The freedom to learning anything, anytime, anywhere and with absolutely anybody is a gift that today’s online world affords educators. It is a gift which empowers educators to create their own learning opportunities and challenges and enables them to meet up with other like-minded people who have similar interests.
Writing about the process of learning within the safe boundaries of a Personal Learning Network is an opportunity which has been given to me by Education Technology Solutions, an Australian based publication. This, the third in a series of articles I have written for this magazine around the theme of lifelong learning: Develop a Personal Learning Network to inspire lifelong learning in which I describe the nature of PLNs, how to create one and what can be gained from participating in one, has just been published – Issue 67, August/September 2015.
ABSTRACT: Encouraging teachers to become self-starters, who are able to take control of their own learning, design its path and learn based on their own interests and needs should be the aim of all school professional learning programs.
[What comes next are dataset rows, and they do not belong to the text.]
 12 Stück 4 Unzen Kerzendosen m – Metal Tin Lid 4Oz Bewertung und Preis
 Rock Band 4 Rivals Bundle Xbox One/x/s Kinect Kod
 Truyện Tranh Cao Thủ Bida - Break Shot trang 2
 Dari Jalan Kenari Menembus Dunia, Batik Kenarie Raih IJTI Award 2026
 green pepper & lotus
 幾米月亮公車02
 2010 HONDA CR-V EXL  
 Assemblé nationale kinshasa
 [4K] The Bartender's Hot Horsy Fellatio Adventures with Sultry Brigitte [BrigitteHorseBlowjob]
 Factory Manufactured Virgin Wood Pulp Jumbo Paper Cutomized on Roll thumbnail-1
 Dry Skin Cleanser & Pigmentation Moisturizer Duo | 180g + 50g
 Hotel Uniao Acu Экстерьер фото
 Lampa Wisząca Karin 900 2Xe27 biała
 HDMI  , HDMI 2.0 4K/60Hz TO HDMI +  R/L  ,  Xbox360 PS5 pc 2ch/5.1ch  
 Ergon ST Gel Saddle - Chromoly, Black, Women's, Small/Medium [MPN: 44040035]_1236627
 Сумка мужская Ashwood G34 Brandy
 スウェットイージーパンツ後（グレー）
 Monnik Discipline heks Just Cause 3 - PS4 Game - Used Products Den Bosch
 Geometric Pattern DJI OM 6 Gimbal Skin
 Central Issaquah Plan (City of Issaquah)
Participation in Personal Learning Networks (PLNs) is a resource which can liberate teachers from the confines of traditional learning opportunities such as those offered in staff meetings, curriculum days, workshops and conferences. PLNs in which connections with other learners is a key component is the perfect vehicle to attain this aim. Participation in a PLN is both exhilarating and inspirational and is the essence of lifelong learning!
Also published online on the Educational Technology Solutions website, I’m pleased to also be able to share my article here:
Encouraging teachers to become lifelong learners should be the aim of each school’s professional learning program. Learning success inspires a sense of achievement, self-satisfaction, increased confidence and motivates continued learning, leaving teachers feeling empowered to set their own agenda and pursue knowledge just for the sake of it.
To motivate this kind of learning, there is perhaps no better resource than that of Personal Learning Networks (PLNs), a resource which can liberate teachers from the confines of traditional learning opportunities such as those offered in staff meetings, curriculum days, workshops and conferences. PLNs, in which connections with other learners is a key component, are both exhilarating and inspirational.